**Description of the task**
In the entries below, find the line containing "Locomotive Diesel BB" and the line containing "Ученическа раница Seven". Copy those two lines and everything between them exactly, without the pictures.

**Records for processing**

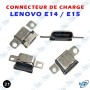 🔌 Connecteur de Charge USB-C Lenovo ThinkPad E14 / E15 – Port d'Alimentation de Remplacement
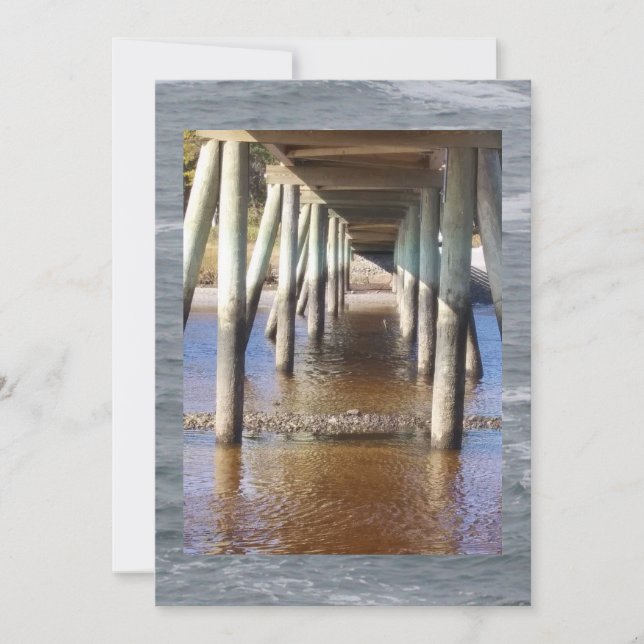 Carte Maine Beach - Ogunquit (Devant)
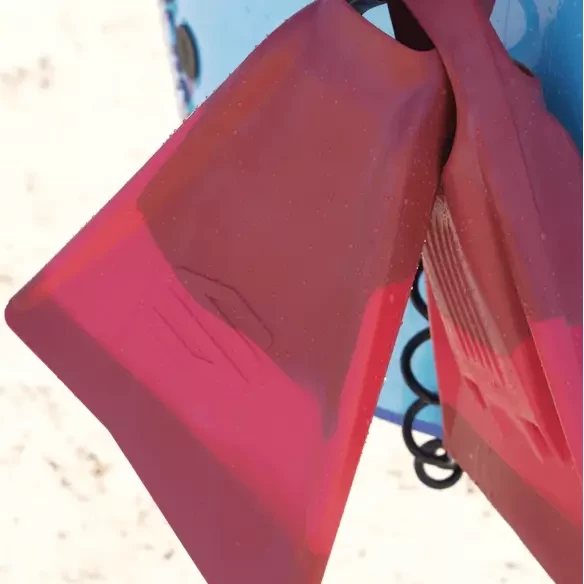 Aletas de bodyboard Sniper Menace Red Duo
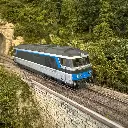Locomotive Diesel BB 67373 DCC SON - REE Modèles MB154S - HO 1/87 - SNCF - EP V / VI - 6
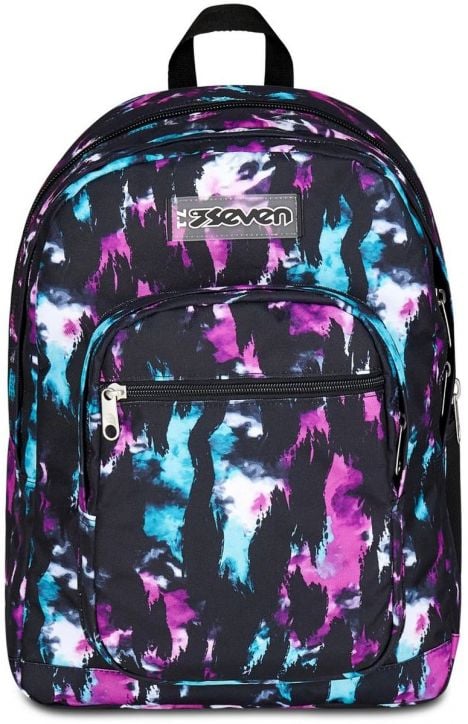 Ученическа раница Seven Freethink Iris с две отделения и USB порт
---
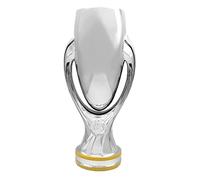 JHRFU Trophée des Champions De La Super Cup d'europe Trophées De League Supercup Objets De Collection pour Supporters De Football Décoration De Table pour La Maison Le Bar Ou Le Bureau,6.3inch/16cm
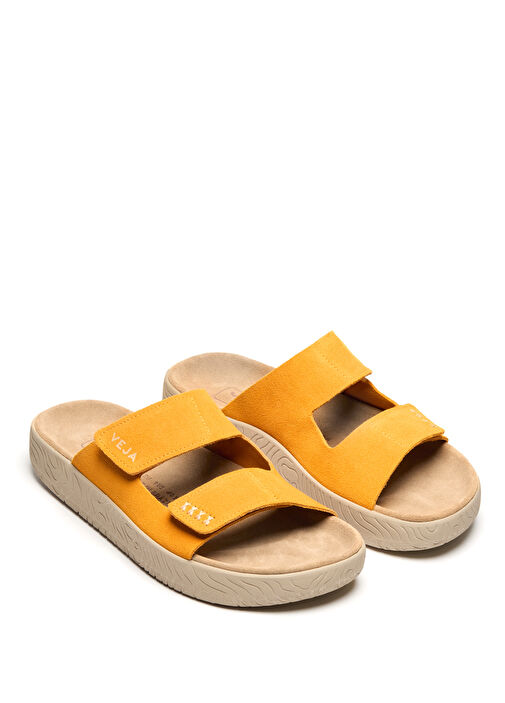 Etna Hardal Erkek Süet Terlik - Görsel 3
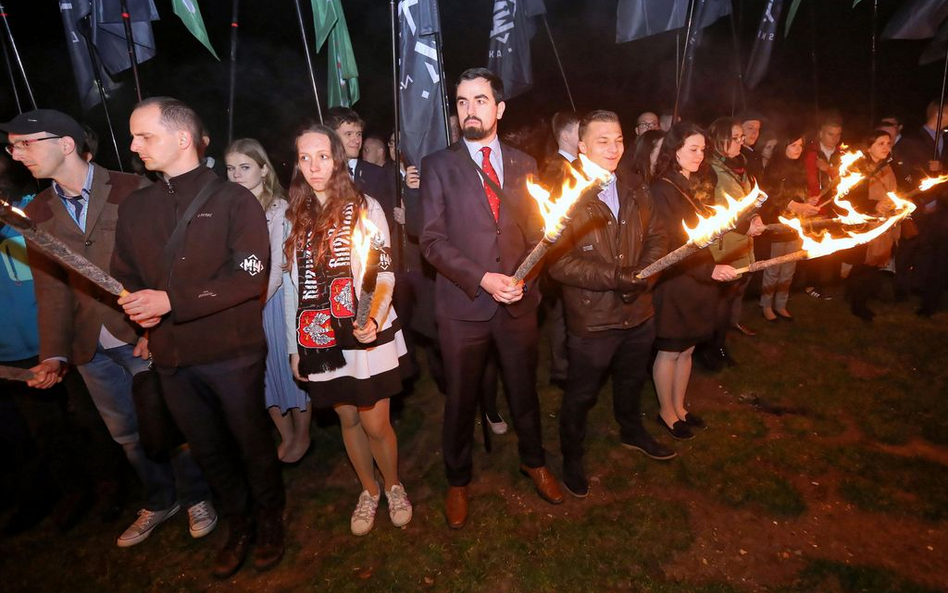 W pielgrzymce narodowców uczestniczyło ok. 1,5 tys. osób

**Exercise response**
Locomotive Diesel BB 67373 DCC SON - REE Modèles MB154S - HO 1/87 - SNCF - EP V / VI - 6
 Ученическа раница Seven Freethink Iris с две отделения и USB порт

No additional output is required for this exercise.